On 28-Mar-19 1:13 PM, David Hunt wrote:
The distributor application is bottlenecked by the distributor core,
so if we can give more frequency to this core, then the overall
performance of the application may increase.
This patch uses the rte_power_get_capabilities() API to query the
cores provided in the core mask, and if any high frequency cores are
found (e.g. Turbo Boost is enabled), we will pin the distributor
workload to that core.
Signed-off-by: Liang Ma <liang.j...@intel.com>
Signed-off-by: David Hunt <david.h...@intel.com>
---
<...>
+ if (power_lib_initialised)
+ rte_power_exit(rte_lcore_id());
printf("\nCore %u exiting tx task.\n", rte_lcore_id());
return 0;
}
@@ -575,9 +582,35 @@ lcore_worker(struct lcore_params *p)
if (num > 0)
app_stats.worker_bursts[p->worker_id][num-1]++;
}
+ if (power_lib_initialised)
+ rte_power_exit(rte_lcore_id());
+ rte_free(p);
return 0;
}
+static int
+init_power_library(void)
+{
+ int ret = 0, lcore_id;
+ RTE_LCORE_FOREACH_SLAVE(lcore_id) {
+ if (rte_lcore_is_enabled(lcore_id)) {
Please correct me if i'm wrong, but RTE_LCORE_FOREACH_SLAVE already
checks if the lcore is enabled.
<...>
+ if (power_lib_initialised) {
+ /*
+ * Here we'll pre-assign lcore ids to the rx, tx and
+ * distributor workloads if there's higher frequency
+ * on those cores e.g. if Turbo Boost is enabled.

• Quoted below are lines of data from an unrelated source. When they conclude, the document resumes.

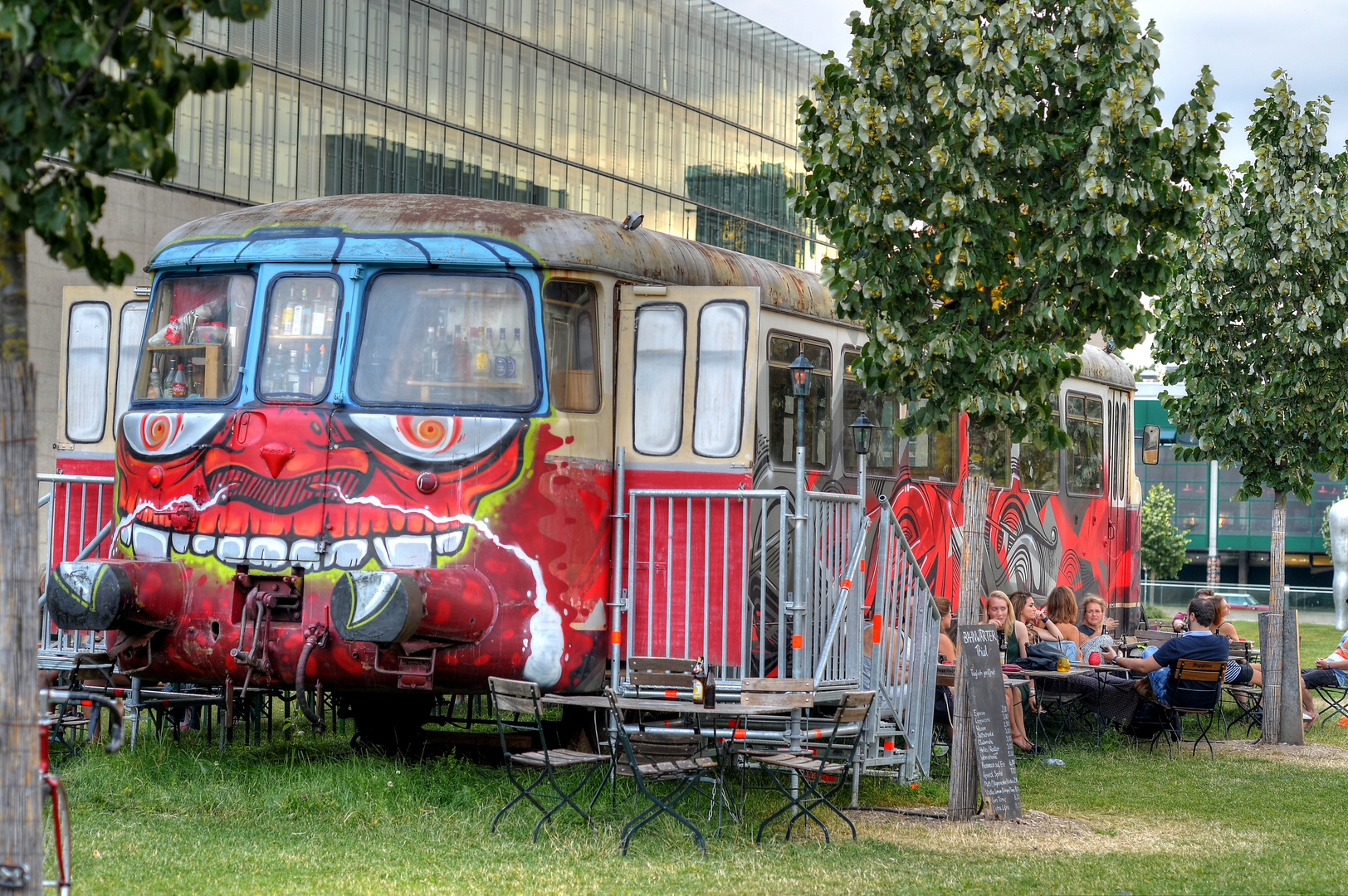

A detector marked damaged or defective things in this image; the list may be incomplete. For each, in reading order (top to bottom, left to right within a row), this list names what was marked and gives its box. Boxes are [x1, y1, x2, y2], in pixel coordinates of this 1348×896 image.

rusty train roof [153, 194, 837, 320]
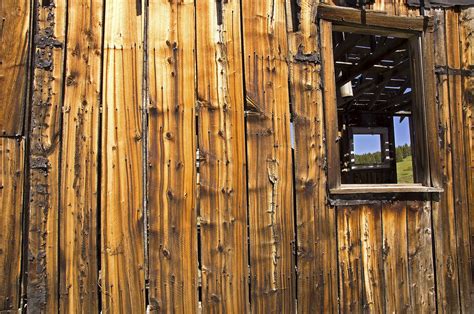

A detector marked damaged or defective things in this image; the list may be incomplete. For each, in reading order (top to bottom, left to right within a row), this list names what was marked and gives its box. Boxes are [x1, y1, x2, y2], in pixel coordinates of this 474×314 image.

splintered plank [0, 138, 24, 312]
splintered plank [0, 0, 30, 135]
splintered plank [27, 1, 66, 312]
splintered plank [58, 0, 103, 312]
splintered plank [100, 0, 144, 312]
splintered plank [148, 0, 198, 312]
splintered plank [195, 0, 250, 312]
splintered plank [243, 0, 294, 310]
splintered plank [286, 1, 338, 312]
splintered plank [336, 206, 362, 314]
splintered plank [362, 204, 384, 312]
splintered plank [382, 201, 412, 312]
splintered plank [408, 201, 436, 312]
splintered plank [434, 9, 460, 312]
splintered plank [446, 9, 472, 312]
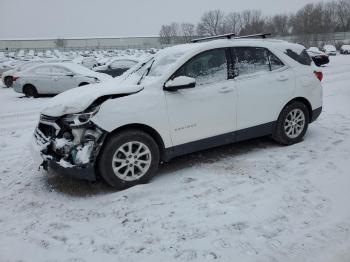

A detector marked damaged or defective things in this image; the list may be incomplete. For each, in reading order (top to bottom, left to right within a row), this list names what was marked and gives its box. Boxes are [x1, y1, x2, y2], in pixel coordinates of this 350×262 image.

broken headlight [61, 106, 99, 127]
damaged hood [41, 79, 144, 116]
damaged white suv [34, 35, 322, 190]
crumpled front bumper [33, 122, 105, 181]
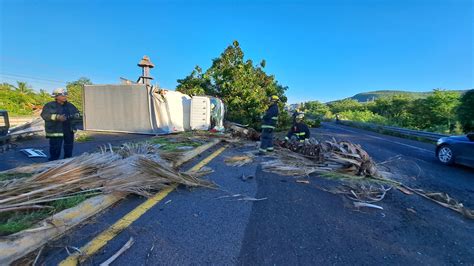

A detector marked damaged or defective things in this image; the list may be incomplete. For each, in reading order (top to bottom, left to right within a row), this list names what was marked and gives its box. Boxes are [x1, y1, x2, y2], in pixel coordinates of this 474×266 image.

overturned white truck [82, 84, 225, 135]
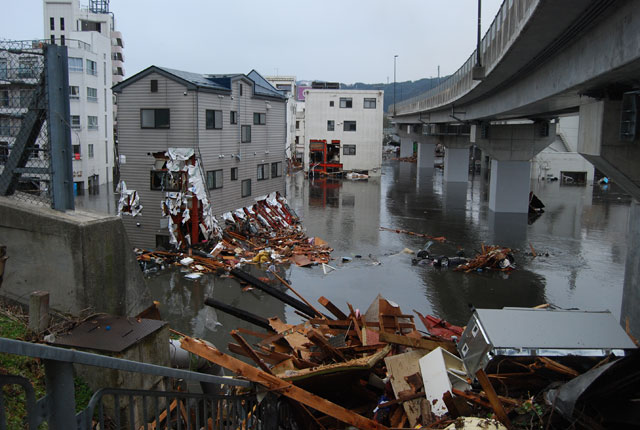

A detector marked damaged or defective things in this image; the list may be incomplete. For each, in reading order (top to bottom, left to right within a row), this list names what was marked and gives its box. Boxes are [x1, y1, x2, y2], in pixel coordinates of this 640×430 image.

splintered lumber [204, 298, 274, 330]
splintered lumber [231, 268, 318, 318]
splintered lumber [318, 298, 348, 320]
broken wood plank [318, 298, 348, 320]
splintered lumber [378, 330, 458, 354]
broken wood plank [378, 330, 458, 354]
splintered lumber [180, 336, 390, 430]
broken wood plank [180, 338, 390, 430]
broken wood plank [478, 368, 512, 428]
splintered lumber [478, 368, 512, 428]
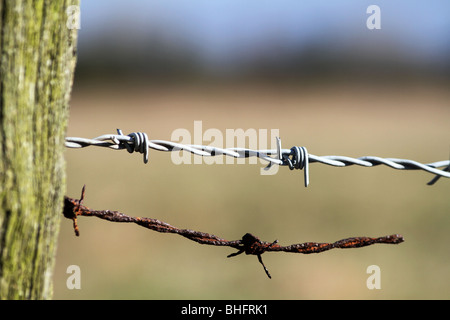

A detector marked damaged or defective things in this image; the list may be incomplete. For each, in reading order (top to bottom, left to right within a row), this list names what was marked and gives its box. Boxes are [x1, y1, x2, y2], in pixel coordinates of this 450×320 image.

rusty barbed wire [64, 129, 450, 186]
rusty barbed wire [62, 186, 404, 278]
rust spot on wire [62, 186, 404, 278]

+ * It's also worth mentioning that it will assign cores in a
+ * specific order, so that if there's less than three
+ * available, the higher frequency cores will go to the
+ * distributor first, then rx, then tx.
+ */
+ RTE_LCORE_FOREACH_SLAVE(lcore_id) {
+
+ rte_power_get_capabilities(lcore_id, &lcore_cap);
+
+ if (lcore_cap.turbo == 1) {
+ priority_num++;
+ switch (priority_num) {
+ case 1:
+ distr_core_id = lcore_id;
+ printf("Distributor on priority core
%d\n",
+ lcore_id);
+ break;
+ case 2:
+ rx_core_id = lcore_id;
+ printf("Rx on priority core %d\n",
+ lcore_id);
+ break;
+ case 3:
+ tx_core_id = lcore_id;
+ printf("Tx on priority core %d\n",
+ lcore_id);
+ break;
+ default:
+ break;
+ }
This seems to be doing the same thing as right below (assigning lcore
id's in order), yet in one case you use a switch, and in the other you
use a simple loop. I don't see priority_num used anywhere else, so you
might as well simplify this loop to be similar to what you have below,
with "skip-if-not-turbo, if not assigned, assign-and-continue" type flow.
Once that is fixed,
Reviewed-by: Anatoly Burakov <anatoly.bura...@intel.com>
--
Thanks,
Anatoly